Gedik, “Güçlü Türkiye mavalları okuyanlar, ‘Uçan kuştan haberimiz var’ diyenler kadınları korumuyorlar, kadınların göz göre göre öldürülmesini izliyorlar. Her yerde kameralar var ama katilleri bulamıyorlar” dedi. İktidarın kadın cinayetlerine ilişkin paylaştığı rakamlara da değinen Gedik, “Bir de utanmadan çıkıp, ‘İktidarımızda kadın cinayetleri azaldı’ diyorlar. Yalan söylüyorlar; sizin iktidarınızdır bu şiddeti yaratan, sizin iktidarınızdır kadınları öldüren, onları korumayan! Nefes almak için bile yan yana gelmek zorundayız” diye konuştu.

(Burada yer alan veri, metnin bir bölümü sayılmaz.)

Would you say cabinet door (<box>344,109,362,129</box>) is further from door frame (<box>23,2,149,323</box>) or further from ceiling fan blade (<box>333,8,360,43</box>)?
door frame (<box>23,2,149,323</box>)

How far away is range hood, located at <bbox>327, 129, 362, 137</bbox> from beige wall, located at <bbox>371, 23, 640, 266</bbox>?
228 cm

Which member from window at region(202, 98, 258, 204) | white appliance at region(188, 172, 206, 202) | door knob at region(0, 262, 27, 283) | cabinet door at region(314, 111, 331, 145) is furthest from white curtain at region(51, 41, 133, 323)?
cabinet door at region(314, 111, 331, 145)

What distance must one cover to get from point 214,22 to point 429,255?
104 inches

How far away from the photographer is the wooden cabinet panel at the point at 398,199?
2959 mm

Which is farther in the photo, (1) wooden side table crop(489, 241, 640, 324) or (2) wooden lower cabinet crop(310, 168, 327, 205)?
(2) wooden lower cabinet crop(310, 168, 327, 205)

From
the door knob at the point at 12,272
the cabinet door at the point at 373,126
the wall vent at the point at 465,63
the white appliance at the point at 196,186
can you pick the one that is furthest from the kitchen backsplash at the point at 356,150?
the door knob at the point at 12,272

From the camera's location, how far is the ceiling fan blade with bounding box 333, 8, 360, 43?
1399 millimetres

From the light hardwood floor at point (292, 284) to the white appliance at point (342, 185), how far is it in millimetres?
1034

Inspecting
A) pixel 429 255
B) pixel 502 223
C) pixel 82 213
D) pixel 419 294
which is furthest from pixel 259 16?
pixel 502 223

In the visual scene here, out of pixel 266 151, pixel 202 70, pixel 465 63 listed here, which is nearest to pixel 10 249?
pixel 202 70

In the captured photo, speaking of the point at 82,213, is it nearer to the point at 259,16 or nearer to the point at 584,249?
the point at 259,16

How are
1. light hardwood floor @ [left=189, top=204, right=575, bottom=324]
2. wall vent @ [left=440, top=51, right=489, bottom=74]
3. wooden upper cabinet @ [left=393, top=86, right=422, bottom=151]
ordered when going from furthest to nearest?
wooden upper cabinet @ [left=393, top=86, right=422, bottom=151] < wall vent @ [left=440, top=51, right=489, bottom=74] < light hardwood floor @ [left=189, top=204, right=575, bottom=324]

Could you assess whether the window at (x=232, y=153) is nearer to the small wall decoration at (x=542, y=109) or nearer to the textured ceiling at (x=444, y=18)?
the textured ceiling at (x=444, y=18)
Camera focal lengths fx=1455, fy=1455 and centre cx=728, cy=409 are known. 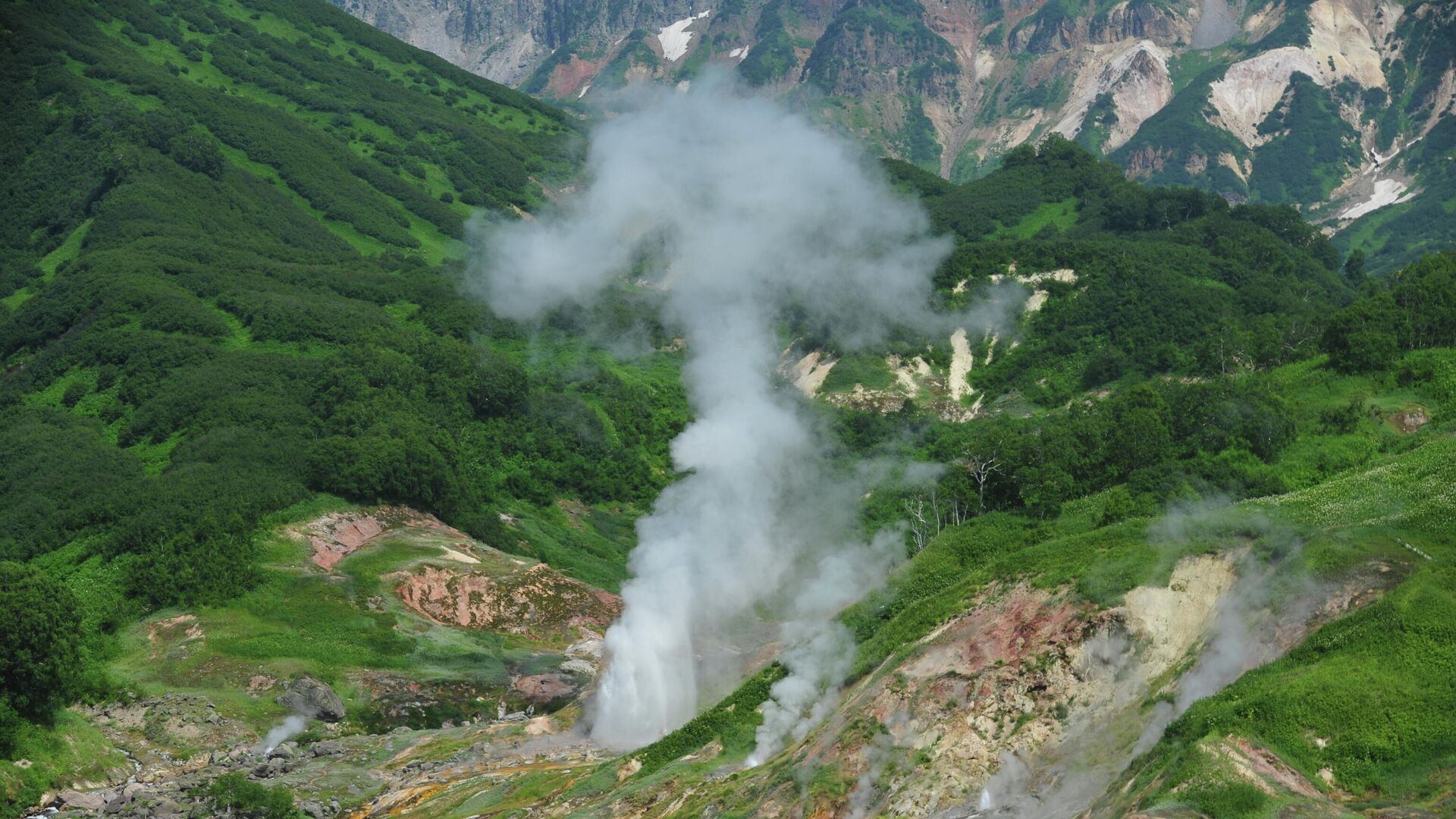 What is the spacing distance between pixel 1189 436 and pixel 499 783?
154 ft

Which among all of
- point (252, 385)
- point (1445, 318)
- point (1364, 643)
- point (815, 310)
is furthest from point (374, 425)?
point (1364, 643)

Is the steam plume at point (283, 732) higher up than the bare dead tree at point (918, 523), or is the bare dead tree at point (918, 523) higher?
the bare dead tree at point (918, 523)

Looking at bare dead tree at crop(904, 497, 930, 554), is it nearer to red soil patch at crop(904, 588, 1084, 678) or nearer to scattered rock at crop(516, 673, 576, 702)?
scattered rock at crop(516, 673, 576, 702)

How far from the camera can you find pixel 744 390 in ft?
416

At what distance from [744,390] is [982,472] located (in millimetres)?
46529

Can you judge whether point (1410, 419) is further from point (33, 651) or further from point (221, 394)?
point (221, 394)

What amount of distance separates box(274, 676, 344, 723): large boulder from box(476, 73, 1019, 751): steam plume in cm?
1791

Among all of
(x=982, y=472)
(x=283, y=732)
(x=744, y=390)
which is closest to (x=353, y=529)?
(x=283, y=732)

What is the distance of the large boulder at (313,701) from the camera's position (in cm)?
7500

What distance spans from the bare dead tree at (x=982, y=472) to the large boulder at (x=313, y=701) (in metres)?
36.1

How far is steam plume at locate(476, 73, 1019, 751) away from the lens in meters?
64.3

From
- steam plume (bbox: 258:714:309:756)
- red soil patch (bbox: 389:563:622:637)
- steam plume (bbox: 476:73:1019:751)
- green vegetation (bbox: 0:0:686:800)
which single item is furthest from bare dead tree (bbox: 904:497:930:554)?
steam plume (bbox: 258:714:309:756)

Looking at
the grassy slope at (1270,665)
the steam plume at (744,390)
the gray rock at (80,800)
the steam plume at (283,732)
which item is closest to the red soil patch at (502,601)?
the steam plume at (744,390)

Üniversiteli KDK’lılar kampüslerden seslendi
Eylemlerin bir diğer adresi de üniversite kampüsleri oldu. Ankara Üniversitesi Dil ve Tarih-Coğrafya, Dokuz Eylül Üniversitesi, İstanbul Üniversitesi ve Anadolu Üniversitesi’nde düzenlenen eylemlerde öğrenciler, “Rojinler, Gülistanlar, Şuleler… Soruşturmalarda delillerin karartılması, cinayetlere intihar süsü verilmeye çalışılması, kayıpların bulunamaması şiddettir” dedi.
“İlan ediyoruz iki elimiz yakanızda”
Şiddete uğrayan tüm kadınlar için bir araya gelen öğrenciler, tüm ülkede olduğu gibi kampüslerde de artan şiddete dikkat çekti, hesap soracaklarını belirtti. KDK’lı üniversite öğrencilerinin 4 ilde yaptıkları ortak açıklamalarında şu ifadelere yer verildi:
“Bugün soracağız arkadaşlar, öldürülmek kadınların kaderi mi? Kadınlar uzaklaştırma kararlarına, elektronik kelepçelere rağmen öldürülüyor, polis noktasına sığınmasına rağmen öldürülüyor, kendilerini yaralayanlar cezaevine girmesine rağmen onlar izne çıktığında öldürülüyor, yetmiyor onlarca güvenliğin olduğu kampüslerin içinde öldürülüyor. Bize ise sadece anma yapmayı, cenaze kaldırmayı reva görüyorlar. Göz göre göre kadınların katledilmesine göz yumup istiyorlar ki biz de sorumlulara, suç ortaklarına sessiz kalalım. Çok beklersiniz. Anmak için değil bütün suç ortaklarından tek tek hesap sormak için buradayız. İlan ediyoruz iki elimiz yakanızda.”